George Bean, in his observations at Caunos, was confronted with a long inscription relating to customs duties and discounts on some stone blocks that had fallen down, and were scattered amongst the bushes. With this peace of information, he determined that the ruin belonged to a customs building. When Turkish archaeologists restored the building in 1969, it became definite that it wasa fountain dating to the Hellenistic period. The fountain built with rectangular limestone blocks had been placed in front of the terrace wall and had alterations made during the Roman period.

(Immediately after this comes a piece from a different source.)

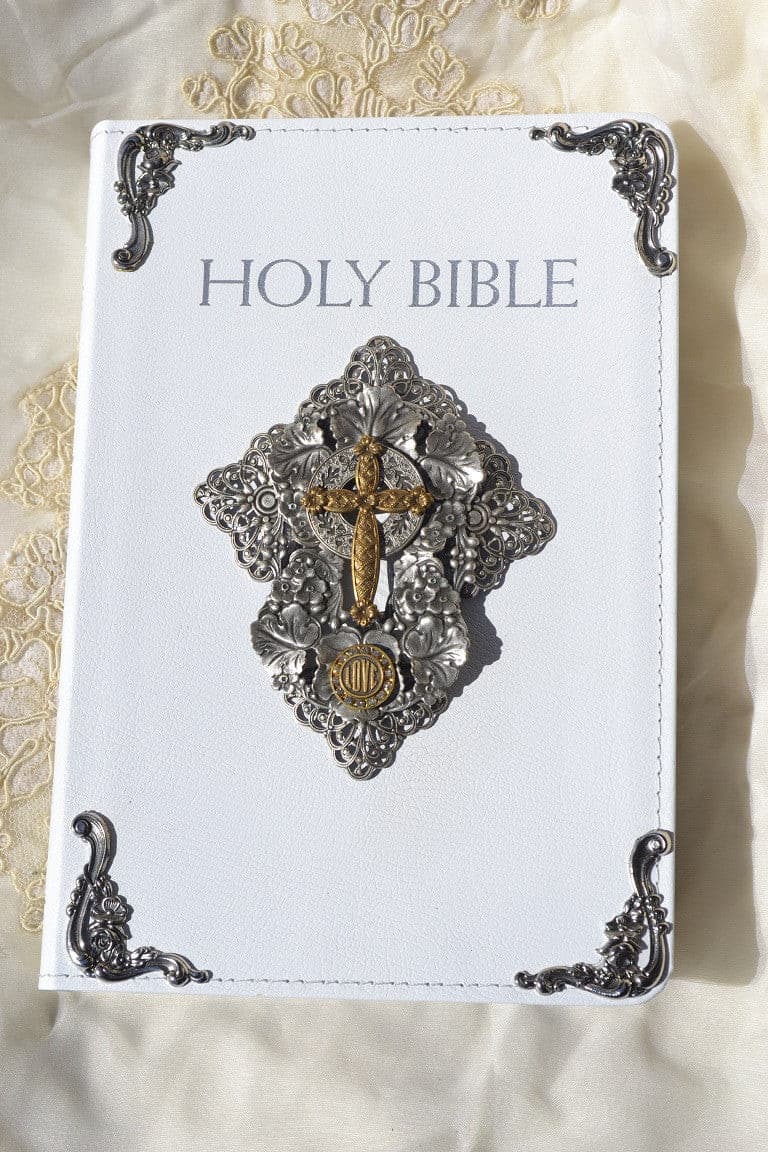 White Catholic bride Bible with ornate silver and gold metal cross on cover, elegant lace background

The fountain was of a rectangular plan with the back and sides surrounded by a wall, having two pillars placed on the façade facing the Agora. Half the inner area had been divided by stone slabs and made into a cistern where a step in front of the slabs made it easy for people to dip their pitchers into the pool and to fill them. The roof covering the fountain had been positioned on architrave blocks, walled on the three sides with frontal pillars providing shade and shelter from the rain. Surplus water flowing out to the gully from the back wall and filling the pool was sent via an escape pipe to the drain.
During alterations acknowledged as being made at the time of the Emperor Vespasian, the cistern was widened to the columns. The spouts were placed in three grooves opening in the top corners of the parapet blocks enabling the water to fill the pitchers directly and a metal railing mounted on the parapet, fixed to the side wall prevented people from reaching into the pool. (Ögün, Işik – 2001)

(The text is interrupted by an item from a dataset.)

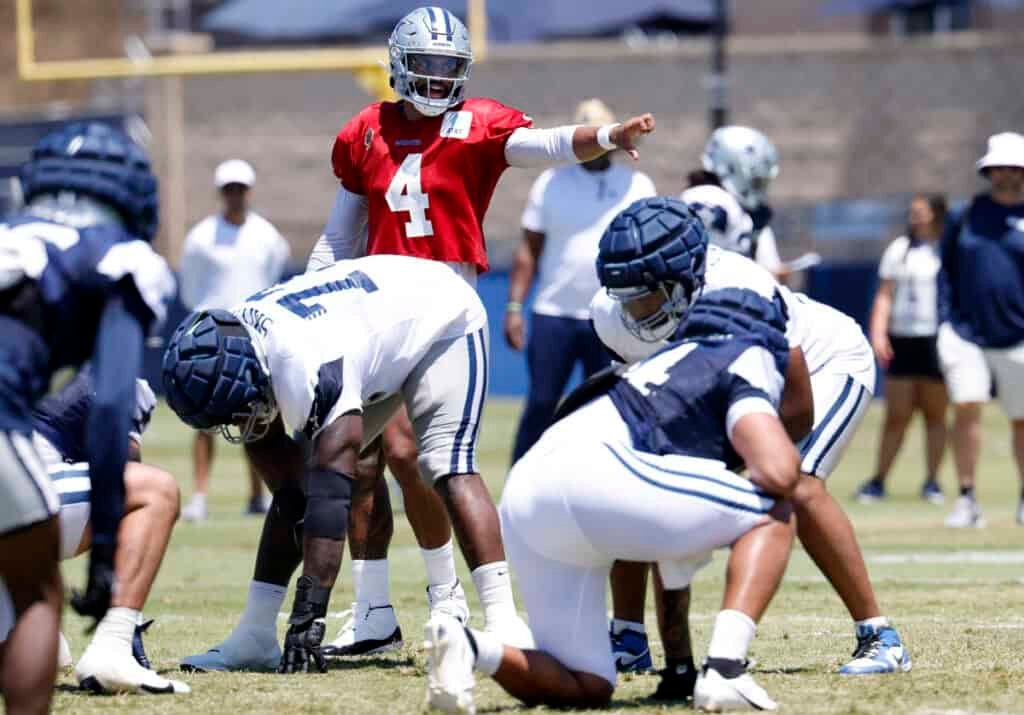 OXNARD, CALIFORNIA - JULY 30: Quarterback Dak Prescott #4 of the Dallas Cowboys calls a play during a training session on July 30, 2024 in Oxnard, California.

The Agora fountain was a plain, utilitarian structure. However, what made it unique was the content of the inscription that filled the façade facing the port. This inscription dating to the first years of Hadrian’s reign announced that customs discounts would be afforded to merchants and boat owners, while an exemption from tax for those who wished to buy boats from the boatyard, as well for those who wished to get their boats overhauled and repaired. This declaration had the aim to restore sea trade at Caunos when the entering and exiting of boats had become difficult, due to the delta formation that had begun to silt up the harbour. Another noteworthy point was it stating that two citizens of Caunos had donated 60 thousand denarii to meet the losses that the city’s budget would sustain due to this implementation.

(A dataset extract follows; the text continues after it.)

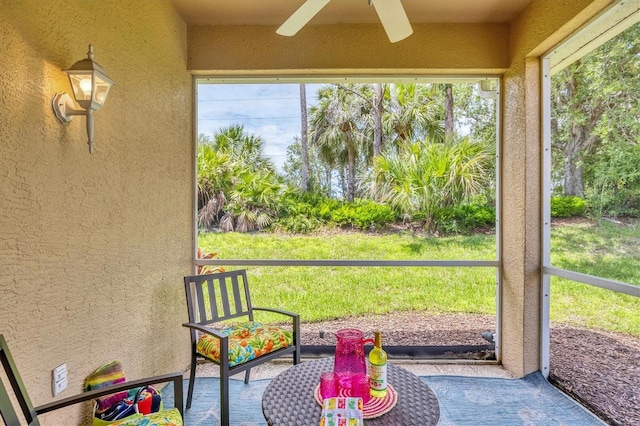 4841 Whispering Oaks Dr, North Port, FL 34287 - sunroom featuring a ceiling fan
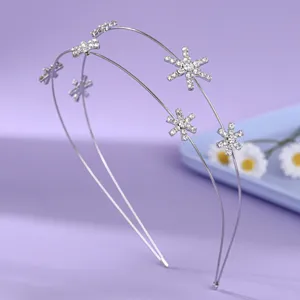 Double band crystal snowflake headband, elegant silver hair accessory for women parties.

The Harbour Agora and Stoa:
The harbour Agora in Caunos is between the fountain building and stoa on the level area at the edge of Sülüklü Lake. Excavations have continued there since 1969, and have revealed that the first settlement began in 5th century BC; however, the Agora was established in 4th century BC and was used until the end of the Roman period. The Agora was the heart of the city’s social and economic life, but was at the same time, the city’s cultural and historical mall.
Most of the obelisks and plinths unearthed from the Agora have inscriptions on them which reveal important information concerning the events, people associated with those events and prominent families of Caunos’ ancient past. Despite finding a great many rectangular plinths all belonging to ar shape, on which groups of statues were aligned, no statue or a piece of a statue has been found. This puzzling detail is solved by the smelting furnace dating to the Byzantine period found near the plinth of the bronze equestrian statue of Lucius, Licinius Murena, who governed the Asian province in the time of the Republic of Rome of Rome.
As it is today, bronze in that period was a costly brass alloy. Caunos had already begun to go into decline both culturally and economically, and in the Late Byzantine period, the Agora was abandoned by the people, escaping from mosquitoes to live in the higher areas of the city. In this period, the statues most of which had been destroyed by earthquakes and neglect, were probably separated into pieces and transformed into bronze ingots and sold.
The harbour stoa that bordered the north side of the Agora was a columned gallery with measuring 96×82 metres long and 8.20 metres wide. This once elegant structure, built in the early Hellenistic period (circa 3rd century BCI), leaves a few traces of its former glory; one of which is a complete section 1.10 meters high, indicating that it was a single storey and laid with stone rectangular blocks. The remnants of wooden beams on top of this section lead one to believe that the rest of the wall was made of wattle and daub, and then plastered. In its present condition, an upper level wall made with re-used stones and plastered with daub, places it within the Early Roman period. The stoa’s open façade was lined all along its length with 20 columns and had a one-step entry. Its roof was constructed of wood and was laid with tiles. The two narrow facades on the original plan were covered with a panelled wall, but in a later period it is thought that a door opened on to each of these sides. (Öğün, Işık – 2001)
The Agora’s stoa with its long rectangular plan and columns made of limestone was probably plastered and painted, making a plain but impressively large edifice. The stoa dominated the Agora for centuries, protecting the citizens of Caunos from the sun and rain and without a doubt set the scene for long bargaining sessions among merchants and brokers, as well as heated debates on politics and city issues.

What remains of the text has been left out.